WorldOccluderTerrain Threading Bug


photo

Recommended Posts

Problem 1

 

There seems to be a threading issue in WorldOccluderTerrain in case of multi-threaded render_occlusion execution. Geometry occlusion fails for very short times (maybe 1,2 frames) in irregular intervals even when camera is absolutely static. Full geometry is visible as short flash/flickering (see screenshot sequence with 3 correct frames an one intermediate false unoccluded frame). Tested with WinXP with attached test case.

 

post-82-0-11345100-1291244613_thumb.jpg

 

When forcing single-threaded render_occlusion execution by setting num_threads=1 in renderOcclusion() geometry is always corectly occluded.

 

 

Problem 2

 

There seems to be another side-effect of WorldOccluderTerrain multi-threaded jobs with multi-threaded physics update. In debug builds we get very quickly an assert on line 738 in physics\Physics.cpp due to num_threads = engine.threads->getNumJobs() = 0/1

 

void Physics::simulation_multiple(float ifps) {
....
// number of threads
int num_threads = min(physics_num_threads,min(engine.threads->getNumJobs(),PHYSICS_NUM_THREADS));
assert(num_threads > 1 && "Physics::simulation_multiple(): bad number of threads");

 

As engine.threads->getNumJobs() > 1 has been check before entering simulation_multiple

 

void Physics::update() {
....
if(physics_num_threads < 2 || engine.threads->getNumJobs() < 2) simulation_single(ifps);
else simulation_multiple(ifps);
....

 

number of jobs must have been decremented in the meantime (best guess: maybe due to finished WorldOccluderTerrain jobs). In case of disabled WorldOccluderTerrain node, no physics assert happens.

WorldOccluderTerrain.zip

Link to comment

yep, patch fixes physics assert (Problem 2), but does not fix sporadic failure of occlusion (Problem 1). Irregular "flashing" of full geometry still visible in test case.

Link to comment

Maybe there are 2 more issues for WorldOccluderTerrain

 

Problem 3

 

WorldOccluderTerrain rendering to occluder buffer does not seems to render pixels on right border.
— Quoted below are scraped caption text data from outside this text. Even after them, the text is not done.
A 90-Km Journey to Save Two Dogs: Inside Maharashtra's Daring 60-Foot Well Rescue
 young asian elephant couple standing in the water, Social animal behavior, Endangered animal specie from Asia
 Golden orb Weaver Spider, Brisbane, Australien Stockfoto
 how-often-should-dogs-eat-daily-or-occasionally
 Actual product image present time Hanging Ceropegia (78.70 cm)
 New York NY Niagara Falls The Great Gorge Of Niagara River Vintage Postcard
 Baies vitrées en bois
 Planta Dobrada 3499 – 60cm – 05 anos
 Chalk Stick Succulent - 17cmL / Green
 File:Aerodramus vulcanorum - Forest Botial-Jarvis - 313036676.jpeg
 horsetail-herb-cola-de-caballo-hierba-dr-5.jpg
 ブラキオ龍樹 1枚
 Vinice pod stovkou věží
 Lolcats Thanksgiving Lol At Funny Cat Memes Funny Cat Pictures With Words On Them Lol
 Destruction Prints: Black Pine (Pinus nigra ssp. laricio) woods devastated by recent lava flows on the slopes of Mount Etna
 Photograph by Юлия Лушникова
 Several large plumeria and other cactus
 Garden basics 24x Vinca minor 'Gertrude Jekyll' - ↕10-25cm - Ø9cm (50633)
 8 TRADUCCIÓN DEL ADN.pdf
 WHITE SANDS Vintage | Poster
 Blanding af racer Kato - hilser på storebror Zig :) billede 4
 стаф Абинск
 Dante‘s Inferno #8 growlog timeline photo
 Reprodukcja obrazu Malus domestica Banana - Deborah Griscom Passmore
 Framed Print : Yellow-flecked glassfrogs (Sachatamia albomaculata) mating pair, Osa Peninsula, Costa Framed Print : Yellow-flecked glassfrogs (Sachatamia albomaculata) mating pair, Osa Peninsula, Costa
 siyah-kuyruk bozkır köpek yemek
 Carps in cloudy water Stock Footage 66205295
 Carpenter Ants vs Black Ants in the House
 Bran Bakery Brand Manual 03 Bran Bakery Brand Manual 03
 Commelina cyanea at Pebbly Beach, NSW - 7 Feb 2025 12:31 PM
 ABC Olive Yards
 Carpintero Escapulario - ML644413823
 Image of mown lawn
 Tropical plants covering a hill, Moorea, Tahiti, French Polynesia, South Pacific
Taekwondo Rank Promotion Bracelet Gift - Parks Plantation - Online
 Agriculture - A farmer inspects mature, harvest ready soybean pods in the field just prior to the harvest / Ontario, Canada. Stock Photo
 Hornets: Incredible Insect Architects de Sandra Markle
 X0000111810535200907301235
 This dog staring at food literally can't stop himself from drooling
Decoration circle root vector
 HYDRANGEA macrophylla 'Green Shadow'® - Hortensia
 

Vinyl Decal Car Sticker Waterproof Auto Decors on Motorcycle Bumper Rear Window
See screenshot for visible seam in occluder debug window. Maybe this is the cause for the remaining unoccluded geometry.

 

post-82-0-62108500-1291457697_thumb.jpg

 

Also occluder rendering seems to render top-side occluder geometry, but "front-side" occluder geometry (marked by red outline) seems to be missing.

 

post-82-0-11711900-1291471555_thumb.jpg

 

 

Problem 4

 

Not sure, but there might be a problem for newly introduced WorldManager image un-/re-loading. Cone step data is calculated on WorldOccluderTerrain initialization based on input heightmap image in setHeightsImageName(). Original heightfield image data gets modified to include cone step data in g/b components. Compared to previous release there seems to be no longer a replacement of the input heightfield image with cone step modified image on disk (at least editor no longer ask for file overwrite on new input heightfield image assignment

 

If WorldOccluderTerrain is not visible for some time or too far away WorldManager will clear modified occluder image data. When WorldOccluderTerrain gets "re-activated" original heightfield image data will be automatically reloaded, but most probably no re-calculation of required cone step data will happen.

 

Possible Fix 4

 

At the moment resource unloading/reloading is more or less transparent to the resource "owning" node. Therefore node has no chance to do required re-initialization on resource reload. Brings me back to our discussion about node-level based approach

 

Dynamic Node Load/Unload

 

In case of WorldOccluderTerrain proposed Node::load() callback could be used for re-calculation of cone step image data on re-activation.

 

Dynamic node load/unload could maybe also be used to allocate/free other large CPU-side resources (e.g. ObjectMesh vertex/surface data, ObjectTerrain height data). Keeping just the abolute minimum of node data in memory for far away nodes should allow for much larger/more complex worlds even without full nodefile streaming implementation. Central WorldManager coordinated node load/unload could also limit per frame load/unload operations to avoid render stalls.

Link to comment

Problem 4 follow-up

 

Having a look into data/editor/editor_worlds.h reveals cause for missing editor dialogMessage() for replacement of input image heightfield.

 

void heights_image_pressed() {
...
line 1437 if(image.getFormat() != format) {
              if(dialogMessage("Confirm",::format("Update \"%s\" heights image?",name))) {
	   if(image.save(name) == 0) {
....

 

Updated RGB8 (previously RG8) occluder cone step image only gets saved in case of a format change compared to input heightfield image.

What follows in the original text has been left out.